Raimundo Fontenele
"O choro das pedras,/ dos réus sem infância,/ dos pés amputados / sonhando sapatos." NM
Nauro Machado requer um trabalho de maior rigor critico, estético e humano dos que este que ora tentamos realizar. Entretanto, a quase fascinação que sentimos, primeiro pelo esteta em si que é Nauro, e segundo pelo mundo de duplicidades e alucinações que embotam a mente do Poeta, nos leva a uma tentativa de penetrar em seu mundo poético-grandioso, e de dentro dele, dentre toda aquela alma em constante orgasmo e reinvenção, trazermos à claridade a treva feita luz pela mágica de quem canta.
Não o instante supremo da Criação, mas o instante de, em meio a este casco lamacento - o mundo - podermos contemplar o Homem em sua maior grandeza e plenitude, voltado para dentro de si mesmo, mas nem por isso hermético, pois um pouco de sensibilidade artística abrirá em nós a porta necessária ao entendimento da Luz que emana do verso naureano, como uma coisa nova, não a luz dos "puros", dos "normais", porém a Luz verdadeira, a que palpita e pulsa dentro da Treva e, por isso, mais autêntica:
"Quando amanhece na minha terra, meus olhos voltam às trevas de origem / abençoando as aves e as campinas / e o instante que tenho para vê-las."
Aqui se chega a uma definição místico-religiosa própria do Autor e não uma religiosidade herdada, convencionalmente abrupta e incompreensível para quem, como Nauro, ousou viajar mais para dentro de si mesmo, rompendo, para tal, barreiras burguesas e de uma moralidade falsa.
A verdade em Nauro é a essência das coisas que ele toca, que ele vive e sente. Não é a paisagística vigente dos ocupados com o Poder, a Fama, a Riqueza. Não é a margem dos ociosos porque não trabalham o seu mundo interior. E ao Artista interessa que estes dois polos opostos se toquem, se encontrem: realidade e sonho, loucura e sabedoria, perversão e santidade.
Podemos afirmar, com nosso pouco conhecimento, que a estilística de Nauro é impecável e nada deixa a desejar, comparada a de um Drummond, um Lorca, um Goethe. Só que nossos olhos acostumados a buscar sempre a distância, não conseguem ver que, entre nós, vive sua morte cotidiana (e a de todos os homens) e desta morte renasce para uma nova vida (e a vida de toda a Criação) o poeta Nauro Machado, sem sombra de dúvida tão solitário sobre a terra como uma sombra gigantesca, talvez a de Cristo pendendo da Cruz e envolvendo a Humanidade inteira.

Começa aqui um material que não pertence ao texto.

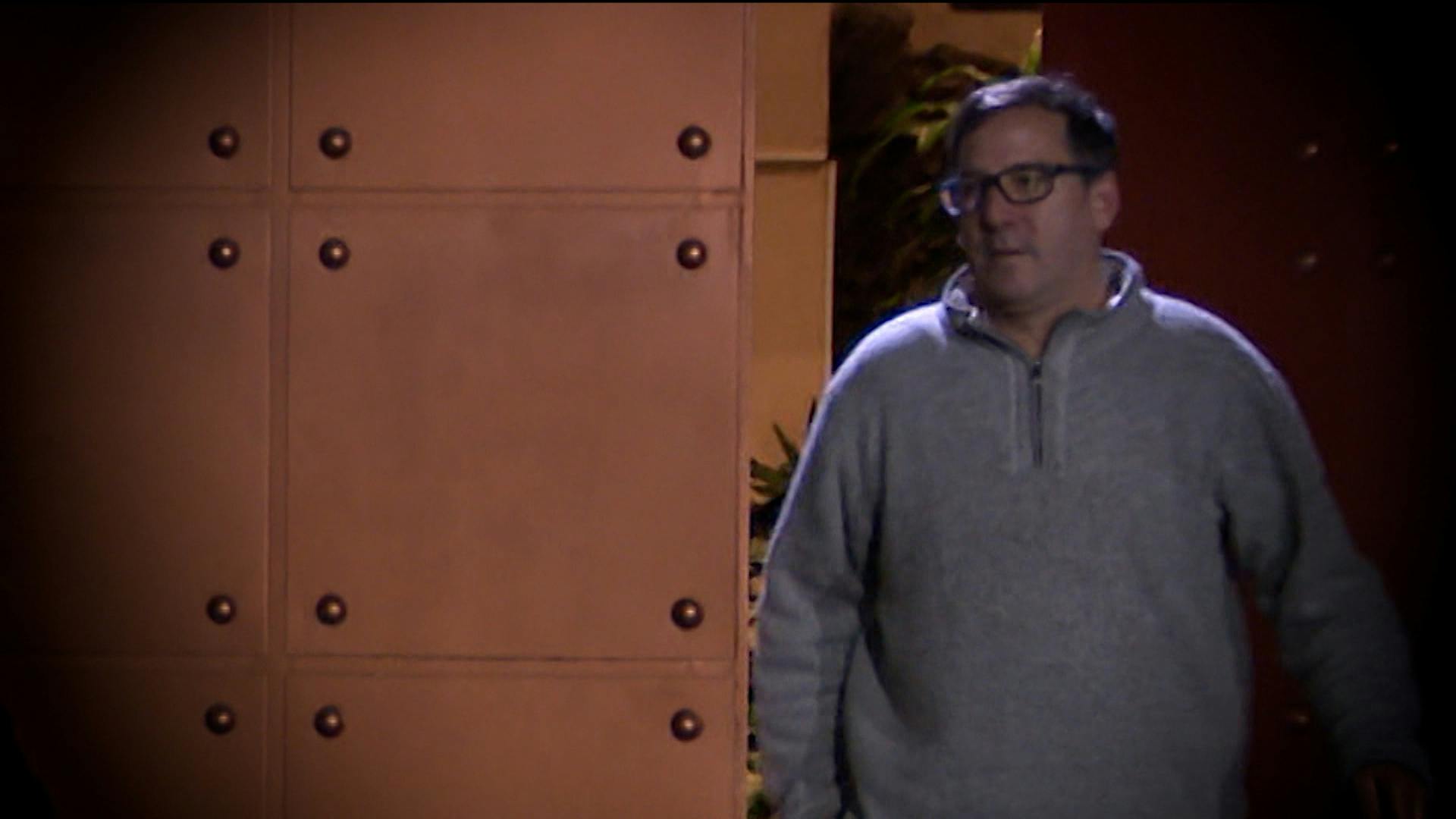 Luis Enrique no asistió al homenaje a Silvia Pinal. Prefirió evitar multitudes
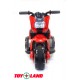 Мотоцикл Minimoto CH 8819  Красный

Falamos em Estilística porque a Poesia (e toda forma artística) é um estilo de vida. E na poesia de Nauro há uma procura de solução para um problema comum a todos os homens. Ele não está buscando apenas a sua remissão; na sua (pretensa) individualidade se somam e se misturam outras mil individualidades, mil fragmentos humanos, restos de caveiras, abutres, sóis. Crianças, virgens e loucas prostitutas, ele não anseia a sua remissão, e sim a remissão do Mundo: "O choro das pedras,/ dos réus sem infância,/ dos pés amputados / sonhando sapatos."
O divino e o demoníaco, o trágico e o belo, a insânia e a lucidez, na poética de Nauro, se fundem de tal ponto, já não sabemos distinguir onde começa a divindade e onde termina o satanismo e vice-versa. Isso deve-se ao fato de ser, o nosso pensamento Ocidental, uma dualidade e querer, por isso, repartir e dividir o homem num ser duplo, numa coisa dual. E indo mais ao fundo de si mesmo, o Artista pode descobrir que o mundo "luminoso" não deve ser posto acima do mundo "obscuro", que não existe o "para cima" e nem o "para baixo", que faz, como na nossa chamada Sociedade, com que o homem use máscara para salvar a aparência. O ser verdadeiramente Real é que homem possa encontrar-se a si mesmo dentro de sua alma. Daí o voo para o Absoluto.
Daí, a compreensão de que adorar significa ajoelhar-se ante o obscuro e o luminoso, o horrendo e o belo, e adorá-los todos, pois ambos fazem parte de um Todo, somam em si toda a Criação.
No poema Verde Lar a verdade una e comum a todos é esta: "aproveitemos a maré/para a partida derradeira." Esta partida, entretanto, não é derradeira quanto à morte. Vai-se partir, mas a barreira está içada. Isto porque é para a Vida que partimos, sempre que rompemos com uma existência anterior, na qual temos vivido, seja ela primitiva, milenar, sejam reencarnações e crenças, deuses e demônios.
O que Nauro Machado faz é uma reeducação. Fazer com que o homem se dispa desta casca de um moralismo falso, de uma conduta que, embora chamada normal, é aberrante. O poeta é um vidente e Nauro é um profeta, pelo menos entre nós.
Entendê-lo não é aceitar simplesmente sua poesia como excelente. Aceitá-lo é procurar avançar, viver descobrindo em nós também a nossa verdade, coisa que poucos se empenham em fazer.
Nauro já não vive no mundo dos normais, dos bem-pensantes. Nauro está indo para o Absoluto, para o Nada, para um Imenso Vazio. Mas lá, Nauro estará entre o raros: Cristo, Buda, Hesse, Villon e tantos outros que sujaram os pés na caminhada é certo, mas que, ao partirem, já os levavam limpos, claros, radiantes.
Todavia foi na água do sofrimento, da provação, do martírio que limparam seus pés. E esta é sempre a medida para quem deseja, na vida, ser simplesmente um homem que conhece a si mesmo. Que não viemos ao mundo para representar uma farsa. Que não viemos ao claro para mais obscurecer nosso entendimento a respeito de nós próprios.
Este não é o trabalho de um crítico: é antes uma tentativa de descobrir, na Poesia, a humanidade e o espírito naureano; e para afirmar que o Nauro que podemos descobrir na Arte é um ser que já tem sua Vida Interior acima dos homens comuns, acima da mediocridade e da vileza. Há uma pureza, disfarçada em mágoa no poeta-homem-Nauro, que só os loucos e os santos conseguem distinguir.